Questions TTL/GET/


(ddorian43) #1

How are Get and Multiget queries fetched? What data structure is used to
hold this data?

Are expired documents indexed and deleted on cron(like mongodb) or are they
deleted when segments are merged (cassandra/bigtable)?

And what should i use if i want to just filter documents (no scoring),
filter, filtered query what?

Thanks

--
You received this message because you are subscribed to the Google Groups "elasticsearch" group.
To unsubscribe from this group and stop receiving emails from it, send an email to elasticsearch+unsubscribe@googlegroups.com.
For more options, visit https://groups.google.com/groups/opt_out.


(Zachary Tong) #2
  1. I don't fully understand your question. Elasticsearch has a binary
    serialization protocol - the document is retrieved from the shard,
    serialized across the network to the coordinating node, and then sent to
    the client as JSON

  2. The TTL cycle runs every 60s by default. Expired documents are
    marked as deleted and removed during merges. Lucene has no concept of
    random-access writes - segments are immutable. So the only way to delete a
    document is to mark it as deleted and remove it during a subsequent merge.
    This is also why TTL is generally not recommended for most scenarios...it
    is much slower than simply deleting a time-based index

  3. Filtered_query. The top-level filter should only be used when
    working with facets and you require fine-grained filter control of search
    vs. facet results

-Zach

On Tuesday, September 17, 2013 1:05:56 PM UTC-4, ddorian43 wrote:

How are Get and Multiget queries fetched? What data structure is used to
hold this data?

Are expired documents indexed and deleted on cron(like mongodb) or are
they deleted when segments are merged (cassandra/bigtable)?

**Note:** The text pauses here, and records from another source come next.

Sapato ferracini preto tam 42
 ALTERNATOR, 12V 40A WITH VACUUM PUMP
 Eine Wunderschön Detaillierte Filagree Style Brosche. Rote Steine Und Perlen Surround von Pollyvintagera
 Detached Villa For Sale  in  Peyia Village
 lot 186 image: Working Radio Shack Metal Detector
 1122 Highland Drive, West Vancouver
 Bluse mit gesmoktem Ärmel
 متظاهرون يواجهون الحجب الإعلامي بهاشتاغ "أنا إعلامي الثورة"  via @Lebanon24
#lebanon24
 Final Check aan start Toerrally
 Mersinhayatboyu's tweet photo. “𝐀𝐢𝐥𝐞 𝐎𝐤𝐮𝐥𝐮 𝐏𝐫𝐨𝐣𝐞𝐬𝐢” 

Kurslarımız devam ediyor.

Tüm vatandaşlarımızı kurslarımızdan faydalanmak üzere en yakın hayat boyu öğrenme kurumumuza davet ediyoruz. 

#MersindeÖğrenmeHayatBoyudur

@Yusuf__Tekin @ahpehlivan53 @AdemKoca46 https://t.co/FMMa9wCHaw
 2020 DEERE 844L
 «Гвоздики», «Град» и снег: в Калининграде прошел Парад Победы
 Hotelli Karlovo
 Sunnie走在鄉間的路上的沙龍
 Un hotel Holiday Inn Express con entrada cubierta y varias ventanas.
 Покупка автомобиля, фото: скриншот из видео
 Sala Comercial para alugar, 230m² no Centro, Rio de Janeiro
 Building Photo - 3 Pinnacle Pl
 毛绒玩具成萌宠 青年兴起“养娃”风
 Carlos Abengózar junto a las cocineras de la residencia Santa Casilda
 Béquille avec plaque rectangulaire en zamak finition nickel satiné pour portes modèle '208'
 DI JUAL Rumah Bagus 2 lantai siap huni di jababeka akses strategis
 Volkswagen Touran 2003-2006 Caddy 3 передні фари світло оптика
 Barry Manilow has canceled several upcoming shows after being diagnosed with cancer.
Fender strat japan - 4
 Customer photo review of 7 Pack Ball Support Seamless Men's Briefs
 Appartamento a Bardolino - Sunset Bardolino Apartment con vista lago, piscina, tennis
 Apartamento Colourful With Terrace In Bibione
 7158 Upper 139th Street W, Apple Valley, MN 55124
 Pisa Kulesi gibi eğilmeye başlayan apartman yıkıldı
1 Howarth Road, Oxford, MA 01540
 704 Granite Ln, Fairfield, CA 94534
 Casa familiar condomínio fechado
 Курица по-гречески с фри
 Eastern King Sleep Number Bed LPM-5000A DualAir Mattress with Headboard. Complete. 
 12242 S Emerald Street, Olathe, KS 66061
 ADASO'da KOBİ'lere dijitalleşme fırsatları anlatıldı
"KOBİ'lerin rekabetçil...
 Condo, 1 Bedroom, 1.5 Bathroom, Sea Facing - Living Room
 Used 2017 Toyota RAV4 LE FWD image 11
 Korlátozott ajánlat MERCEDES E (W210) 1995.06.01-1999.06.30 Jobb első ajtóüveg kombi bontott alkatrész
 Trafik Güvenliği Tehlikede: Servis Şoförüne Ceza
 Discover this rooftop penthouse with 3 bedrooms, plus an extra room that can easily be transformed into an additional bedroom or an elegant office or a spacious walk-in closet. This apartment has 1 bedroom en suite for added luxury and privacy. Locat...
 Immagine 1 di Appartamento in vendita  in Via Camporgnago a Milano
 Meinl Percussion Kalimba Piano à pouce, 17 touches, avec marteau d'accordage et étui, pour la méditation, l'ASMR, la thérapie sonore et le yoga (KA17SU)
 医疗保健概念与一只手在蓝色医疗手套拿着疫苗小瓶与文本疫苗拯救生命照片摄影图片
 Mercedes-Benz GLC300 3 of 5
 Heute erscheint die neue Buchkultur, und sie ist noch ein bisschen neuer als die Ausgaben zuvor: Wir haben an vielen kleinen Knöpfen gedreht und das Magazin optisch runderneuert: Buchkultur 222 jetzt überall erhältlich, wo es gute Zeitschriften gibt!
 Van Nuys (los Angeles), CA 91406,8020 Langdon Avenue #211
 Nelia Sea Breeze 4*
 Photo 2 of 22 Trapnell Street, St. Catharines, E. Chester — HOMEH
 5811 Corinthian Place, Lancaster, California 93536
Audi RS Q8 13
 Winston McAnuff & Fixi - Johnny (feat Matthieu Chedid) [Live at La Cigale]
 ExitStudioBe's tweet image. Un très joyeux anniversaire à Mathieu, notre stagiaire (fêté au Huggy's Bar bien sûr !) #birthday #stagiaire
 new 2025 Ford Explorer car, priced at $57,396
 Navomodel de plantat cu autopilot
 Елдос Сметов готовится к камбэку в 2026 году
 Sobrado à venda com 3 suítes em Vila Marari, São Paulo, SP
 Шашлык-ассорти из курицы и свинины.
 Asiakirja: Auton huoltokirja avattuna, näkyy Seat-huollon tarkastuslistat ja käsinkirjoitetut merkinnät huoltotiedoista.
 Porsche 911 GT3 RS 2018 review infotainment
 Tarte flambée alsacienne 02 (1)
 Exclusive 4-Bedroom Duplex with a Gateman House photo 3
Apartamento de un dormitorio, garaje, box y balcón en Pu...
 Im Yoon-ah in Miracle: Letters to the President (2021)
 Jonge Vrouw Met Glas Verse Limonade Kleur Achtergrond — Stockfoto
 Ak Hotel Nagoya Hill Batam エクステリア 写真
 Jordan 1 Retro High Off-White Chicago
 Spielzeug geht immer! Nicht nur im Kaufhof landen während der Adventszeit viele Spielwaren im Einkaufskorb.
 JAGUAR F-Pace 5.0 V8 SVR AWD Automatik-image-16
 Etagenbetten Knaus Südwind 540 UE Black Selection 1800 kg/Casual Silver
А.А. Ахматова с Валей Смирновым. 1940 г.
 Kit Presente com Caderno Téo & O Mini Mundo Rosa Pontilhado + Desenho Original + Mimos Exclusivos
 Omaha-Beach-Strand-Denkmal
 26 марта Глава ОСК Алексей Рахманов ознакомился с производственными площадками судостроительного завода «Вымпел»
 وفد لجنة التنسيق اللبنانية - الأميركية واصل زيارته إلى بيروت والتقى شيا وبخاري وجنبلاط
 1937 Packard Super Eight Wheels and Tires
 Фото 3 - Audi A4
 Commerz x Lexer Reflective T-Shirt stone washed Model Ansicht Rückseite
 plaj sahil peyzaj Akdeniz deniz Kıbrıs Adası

And what should i use if i want to just filter documents (no scoring),
filter, filtered query what?

Thanks

--
You received this message because you are subscribed to the Google Groups "elasticsearch" group.
To unsubscribe from this group and stop receiving emails from it, send an email to elasticsearch+unsubscribe@googlegroups.com.
For more options, visit https://groups.google.com/groups/opt_out.


(ddorian43) #3

What i mean:
What i mean is how is _uid indexed? Reversed index?

In mongodb TTL, the timestamp is indexed and the db runs a query every x
seconds to find the expired documents and delete .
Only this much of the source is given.